# WaKE uP BrisTOL!!



## fizzerbird (Apr 16, 2008)

Whas da matter wiv you all?

Get up...up!!!!

Post something...anything!!!!

Who actually lives here nowadays anyhoooooo?


----------



## Strumpet (Apr 16, 2008)

Bloody hell....you just woke half of Wales!!
SHouty arse


----------



## strung out (Apr 16, 2008)

i do! day off today though


----------



## JTG (Apr 16, 2008)

strung_out said:


> i do! day off today though



likewise


----------



## rubbershoes (Apr 16, 2008)

some of us are at work


----------



## gentlegreen (Apr 16, 2008)

I thought a load of Bristol Urbanites went to a disco recently ?


----------



## xenon (Apr 16, 2008)

*waves*


----------



## fizzerbird (Apr 16, 2008)

gentlegreen said:


> I thought a load of Bristol Urbanites went to a disco recently ?



Did they?

Fekkers left me out again


----------



## JTG (Apr 16, 2008)

we might be going again on saturday

you still aint invited though


----------



## fizzerbird (Apr 17, 2008)

who is this 'we' of which you speak? 

I'm unable to come anyway as i'll be far to busy making major life changing decisions due to my huge lottery win.


----------



## JTG (Apr 17, 2008)

prolly about two of us actually

ho hum


----------



## greenthumb77 (Apr 24, 2008)

*Arrh Brizzle*

I just thought I would introduce myself, as this is the first time I have joined a forum, and my preconceptions have been blown out of the water. Just want to meet some like minded people as all I seem to do nowadays is work my ass off....


----------



## gentlegreen (Apr 24, 2008)

Yes indeedy, this is definitely not the _Daily Mail_ forums 

Welcome moi babber.


----------



## strung out (Apr 24, 2008)

welcome! what kind of stuff are you into then? quite a lot of bristol people on the boards, meet ups happen every couple of months i guess, depending on whether there's anything decent going on!


----------



## kalidarkone (Apr 24, 2008)

strung_out said:


> welcome! what kind of stuff are you into then? quite a lot of bristol people on the boards, meet ups happen every couple of months.



Yeah in Wales 


I will be more active after 15th of June then I will be FREEEEEEEEEEEEEEE!!


----------



## fizzerbird (Apr 24, 2008)

hola hola pepsi cola!


Lord I work far too hard! 

Hoping to have a few civilised get togethers in the near future along with some NOT so civilised 



xXx


----------



## Isambard (Apr 26, 2008)

Marnin'!

Fizzer, hope you didn't get spooked by the voodoo .txt!
But I was on the bus on the way to a club after drinking cider.


----------



## breasticles (Apr 26, 2008)

the centre smelt _very_ strongly of dog turd again yesterday. did anyone else notice this? after last week i think it's okay to indiscriminately blame the french for all evil smells, isn't it? it would have taken a lot of dogs to produce that much shit, so i'm pointing to calais. but seriously. it was MINGING.


----------



## gentlegreen (Apr 26, 2008)

Well, wish me luck - I'm about to cycle to Primark.


----------



## Isambard (Apr 26, 2008)

People from Weston up in town shoplifting innit.


----------



## breasticles (Apr 26, 2008)

gentlegreen said:


> Well, wish me luck - I'm about to cycle to Primark.

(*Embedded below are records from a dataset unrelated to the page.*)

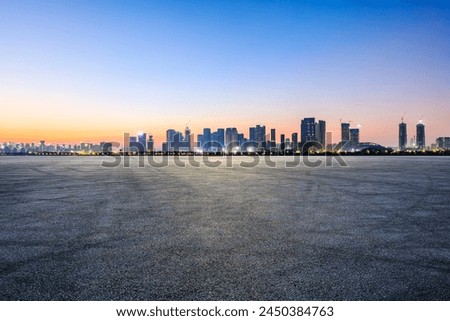 Asphalt road square with modern city buildings at dusk in Hangzhou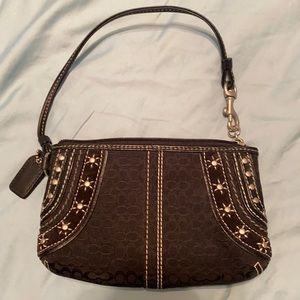 Coach wristlet. Black with silver designs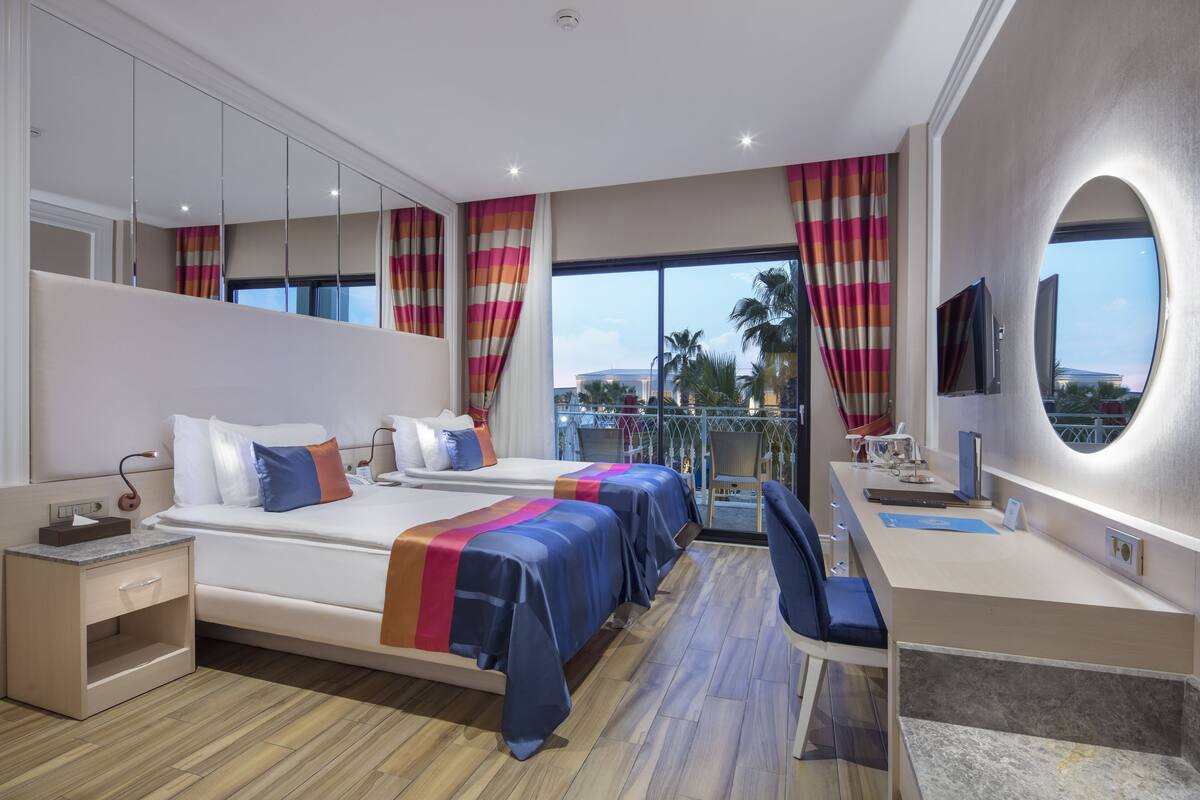 A modern hotel room with two beds, a desk, and a balcony with a view.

primark? on a saturday? have you taken leave of your senses?


----------



## gentlegreen (Apr 26, 2008)

breasticles said:


> primark? on a saturday? have you taken leave of your senses?



I most certainly had. I wasn't going to queue for 45 minutes for a pair of trousers that were probably too small anyway. (I thought the population was getting fatter )

... and Millets didn't have any suitable trousers / shorts, so it's time to Google.

Gawd noze what I was thinking. 

(A week at work with an embarassing hole in the crotch of my trousers affected my mind )


----------



## kalidarkone (Apr 26, 2008)

gentlegreen said:


> (A week at work with an embarassing hole in the crotch of my trousers affected my mind )



Let alone how it may have affected your colleagues


----------



## gentlegreen (Apr 26, 2008)

Mind you, no one's supposed to be peeking


----------



## xenon (Apr 27, 2008)

breasticles said:


> the centre smelt _very_ strongly of dog turd again yesterday. did anyone else notice this? after last week i think it's okay to indiscriminately blame the french for all evil smells, isn't it? it would have taken a lot of dogs to produce that much shit, so i'm pointing to calais. but seriously. it was MINGING.





Thought I'd stood in something, then went outside. It was an all pervasive reak. Reckon it's manure spreading.


----------



## fizzerbird (Apr 27, 2008)

Isambard said:


> Marnin'!
> 
> Fizzer, hope you didn't get spooked by the voodoo .txt!
> But I was on the bus on the way to a club after drinking cider.



nope pist me pants...I'm more spooked by yer pm!


----------